Signet encourages shareholders to take advantage of the availability of proxy materials on the 2024 Annual Meeting website, www.proxydocs.com/SIG, and register for email delivery. This allows the Company to significantly reduce its printing and postage costs while ensuring timely delivery to shareholders and supporting the Company’s commitment to environmental stewardship.

What will I receive if I register for email delivery?

Shareholders registered for email delivery of Signet proxy materials will receive an email on or around May 16, 2024. The email will contain a link to proxy materials available on the Annual Meeting website and details on how to vote.

How do I request a hard copy of the proxy materials?

Instructions for requesting a hard copy of Signet’s proxy materials can be found on the Internet Notice, a copy of which is posted on the Annual Meeting website, www.proxydocs.com/SIG. You can also request a hard copy using the same contact details provided under “How do I register my email address for email delivery of proxy materials?” above.

Who is entitled to vote at the Annual Meeting?

You are entitled to vote at the Annual Meeting, and any postponement(s) or adjournment(s) thereof, if you owned Common Shares or Preferred Shares as of the close of business on May 3, 2024, the record date for the Meeting. On the record date there were 44,656,195 Common Shares issued and outstanding, excluding treasury shares, and 312,500 Preferred Shares issued and outstanding.
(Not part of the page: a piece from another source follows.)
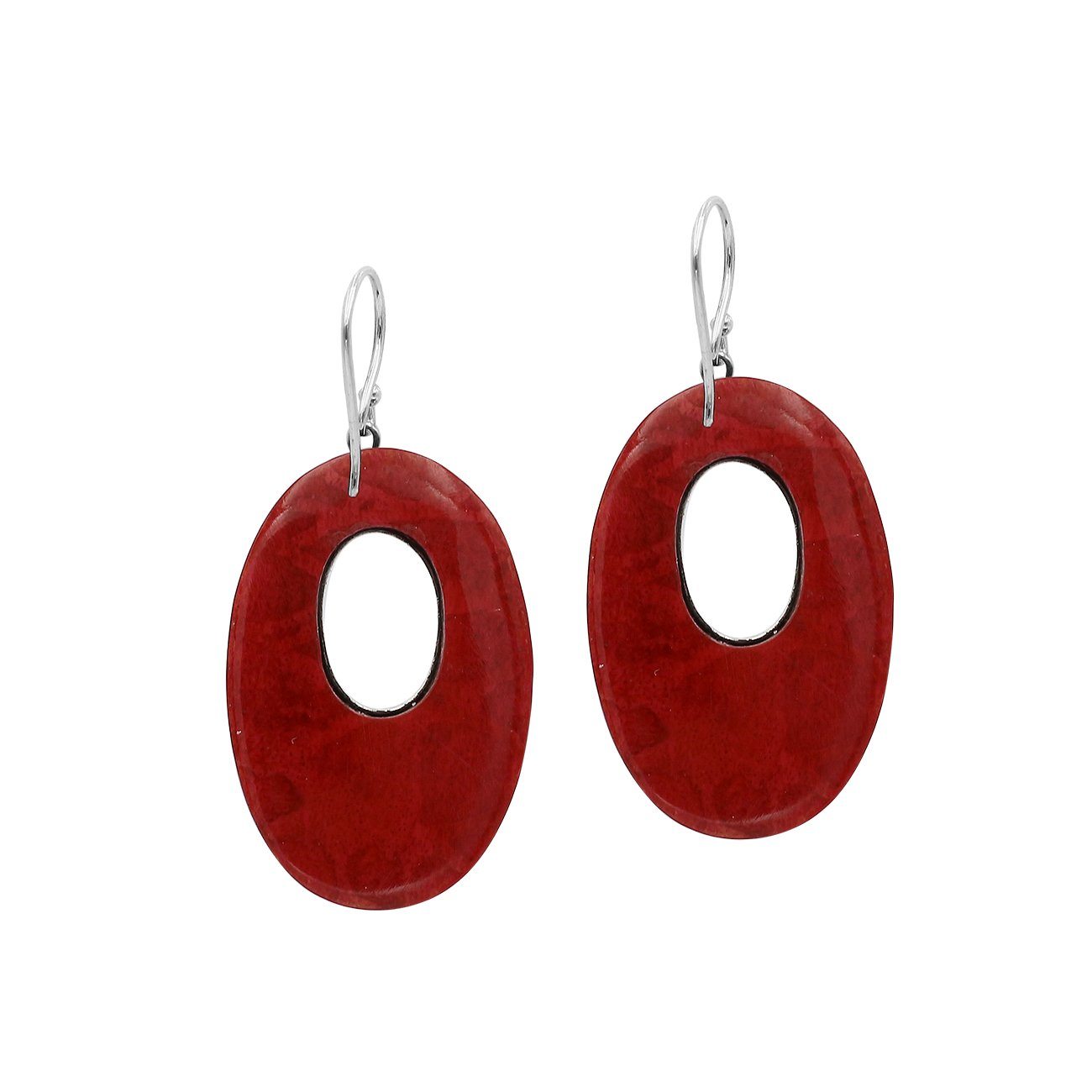 Sterling Silver Oval Earrings With Red Coral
Each issued and outstanding Common Share is entitled to one vote on each matter at the Meeting. The holders of the Preferred Shares are entitled to a number of votes equal to the largest number of Common Shares into which all Preferred Shares held by such holders could then be converted. As of the record date, up to 699,245 Common Shares were issuable to the holders of Preferred Shares upon conversion if the Company was to elect to settle the entire net share settlement portion of the conversion consideration in Common Shares.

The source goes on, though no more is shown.